Justiça do Trabalho julgará contribuição de empresa para previdência privada

Compartilho notícia do Colendo TST em que aborda retenção de valores a previdência privada, esclareço que essa possibilidade se dá no caso dos contratos de trabalho em vigor, ou seja, quem está aposentado já não consegue essa tutela jurisdicional pela Justiça do Trabalho. Aqueles empregados que estão em final de carreira, vale a pena pensar sobre a possibilidade de discutir direitos trabalhistas antes da aposentadoria, pela possibilidade de incluir no polo passivo o plano de previdência privada, no caso a Petros, para retenção de valores da cota empregador.

Um abraço e espero comentários de vocês. Carmela Grüne

 

A ação é contra a empresa, e não em desfavor da entidade de previdência privada.

A Oitava Turma do Tribunal Superior do Trabalho declarou a competência da Justiça do Trabalho para julgar o pedido de um eletricitário para que a Cemig Geração e Transmissão S.A. contribua com valores para a previdência privada calculados sobre as diferenças salariais reconhecidas em juízo. A situação jurídica se distingue da que ocorre quando o empregado cobra da entidade de previdência privada o recebimento da complementação de aposentadoria, hipótese em que a competência é da Justiça Comum.

Competência

O juízo da 22ª Vara do Trabalho de Belo Horizonte deferiu ao eletricitário o pagamento de diferenças salariais relativas às progressões horizontais na carreira e à integração dos abonos de desempenho na remuneração. No entanto, declarou a incompetência da Justiça do Trabalho para julgar o pedido de que a empresa contribuísse para a conta do empregado na Forluz, entidade de previdência privada dos empregados da Cemig, em relação aos créditos reconhecidos judicialmente.

O Tribunal Regional do Trabalho da 3ª Região (MG) manteve a sentença, por entender que qualquer matéria relativa a complementação de aposentadoria deve ser julgada pela Justiça Comum.
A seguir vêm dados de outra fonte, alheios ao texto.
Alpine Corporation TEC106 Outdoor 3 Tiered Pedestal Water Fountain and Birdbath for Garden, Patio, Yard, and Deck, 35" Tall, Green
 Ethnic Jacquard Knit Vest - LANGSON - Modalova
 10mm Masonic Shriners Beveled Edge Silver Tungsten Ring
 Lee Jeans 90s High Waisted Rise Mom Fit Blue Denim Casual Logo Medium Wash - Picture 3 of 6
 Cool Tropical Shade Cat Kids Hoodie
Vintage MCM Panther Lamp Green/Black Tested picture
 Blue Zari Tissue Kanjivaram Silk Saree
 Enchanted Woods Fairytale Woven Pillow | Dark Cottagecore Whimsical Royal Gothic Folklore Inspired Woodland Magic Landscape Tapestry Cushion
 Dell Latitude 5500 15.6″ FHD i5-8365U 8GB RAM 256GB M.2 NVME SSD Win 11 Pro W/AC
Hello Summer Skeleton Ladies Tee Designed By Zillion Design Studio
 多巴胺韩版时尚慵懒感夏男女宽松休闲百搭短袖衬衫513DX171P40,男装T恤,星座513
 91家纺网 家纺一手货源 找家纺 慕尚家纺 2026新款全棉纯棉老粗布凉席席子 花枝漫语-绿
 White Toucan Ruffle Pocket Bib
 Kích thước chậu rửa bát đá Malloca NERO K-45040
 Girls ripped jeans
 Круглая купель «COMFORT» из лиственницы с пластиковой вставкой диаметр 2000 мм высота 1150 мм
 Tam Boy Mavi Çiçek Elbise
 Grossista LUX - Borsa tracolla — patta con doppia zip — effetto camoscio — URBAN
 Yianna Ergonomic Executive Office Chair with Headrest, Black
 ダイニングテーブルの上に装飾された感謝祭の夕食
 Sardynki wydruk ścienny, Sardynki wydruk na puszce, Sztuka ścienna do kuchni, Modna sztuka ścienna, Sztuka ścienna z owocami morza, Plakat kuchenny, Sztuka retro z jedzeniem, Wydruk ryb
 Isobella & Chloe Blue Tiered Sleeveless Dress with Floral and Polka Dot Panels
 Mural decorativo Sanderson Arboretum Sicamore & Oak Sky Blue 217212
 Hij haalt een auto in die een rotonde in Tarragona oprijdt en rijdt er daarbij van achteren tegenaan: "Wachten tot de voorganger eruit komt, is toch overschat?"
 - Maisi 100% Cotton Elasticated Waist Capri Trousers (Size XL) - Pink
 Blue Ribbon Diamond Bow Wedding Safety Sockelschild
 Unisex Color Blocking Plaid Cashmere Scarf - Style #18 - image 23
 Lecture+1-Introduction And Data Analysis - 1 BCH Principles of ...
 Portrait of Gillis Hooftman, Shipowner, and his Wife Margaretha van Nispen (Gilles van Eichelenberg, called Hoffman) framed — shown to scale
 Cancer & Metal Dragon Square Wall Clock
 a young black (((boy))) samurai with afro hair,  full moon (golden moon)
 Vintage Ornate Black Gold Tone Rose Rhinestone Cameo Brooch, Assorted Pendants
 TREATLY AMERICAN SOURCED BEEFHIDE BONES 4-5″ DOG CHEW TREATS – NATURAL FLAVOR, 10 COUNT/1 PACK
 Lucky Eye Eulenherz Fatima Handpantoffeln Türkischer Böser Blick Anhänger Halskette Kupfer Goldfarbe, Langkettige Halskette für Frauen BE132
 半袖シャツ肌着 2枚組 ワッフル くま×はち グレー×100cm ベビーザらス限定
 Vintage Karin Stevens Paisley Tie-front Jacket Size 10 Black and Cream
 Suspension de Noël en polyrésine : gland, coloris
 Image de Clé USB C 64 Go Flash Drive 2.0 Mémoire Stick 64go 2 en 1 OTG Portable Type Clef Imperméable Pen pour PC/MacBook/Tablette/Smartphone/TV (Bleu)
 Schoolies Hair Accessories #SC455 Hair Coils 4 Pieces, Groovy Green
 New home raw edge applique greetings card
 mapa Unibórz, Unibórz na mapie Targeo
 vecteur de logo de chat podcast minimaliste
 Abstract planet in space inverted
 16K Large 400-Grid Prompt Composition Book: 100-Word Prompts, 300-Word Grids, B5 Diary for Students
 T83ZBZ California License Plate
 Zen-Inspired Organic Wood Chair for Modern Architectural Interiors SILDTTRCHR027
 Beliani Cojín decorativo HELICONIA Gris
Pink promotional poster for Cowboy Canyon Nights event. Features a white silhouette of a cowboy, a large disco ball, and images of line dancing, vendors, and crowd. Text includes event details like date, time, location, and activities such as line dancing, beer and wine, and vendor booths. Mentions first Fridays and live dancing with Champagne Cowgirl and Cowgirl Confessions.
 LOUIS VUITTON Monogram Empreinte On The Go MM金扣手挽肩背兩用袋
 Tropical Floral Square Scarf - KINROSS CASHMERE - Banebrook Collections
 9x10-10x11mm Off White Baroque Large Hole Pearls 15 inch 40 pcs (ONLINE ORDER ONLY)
O fundamento do TRT foram as decisões do Supremo Tribunal Federal nos recursos extraordinários (REs) 586453 e 583050, em que o Plenário afastou a competência da Justiça do Trabalho por não haver relação trabalhista entre o associado e a entidade de previdência privada.

TST

No exame do recurso de revista, a relatora, ministra Maria Cristina Peduzzi, explicou que a diretriz fixada pelo Supremo se restringe à competência nos casos em que se discute o benefício da complementação de aposentadoria a ser pago pela entidade de previdência privada, e não se estende às contribuições devidas pelo empregador.

A ministra assinalou que cabe à Justiça do Trabalho julgar o recolhimento das contribuições devidas pelo empregador à previdência privada em relação às diferenças salariais deferidas em juízo. Esse entendimento, segundo a relatora, foi adotado pela Subseção I Especializada em Dissídios Individuais (SDI-1) do TST no processo E-ED-RR-10318-57.2015.5.03.0018, que tratou de caso semelhante. A SDI-1 é o órgão responsável por unificar a jurisprudência entre as Turmas do Tribunal.

Por unanimidade, a Oitava Turma deu provimento ao recurso e determinou o retorno do processo ao TRT, para prosseguir no julgamento.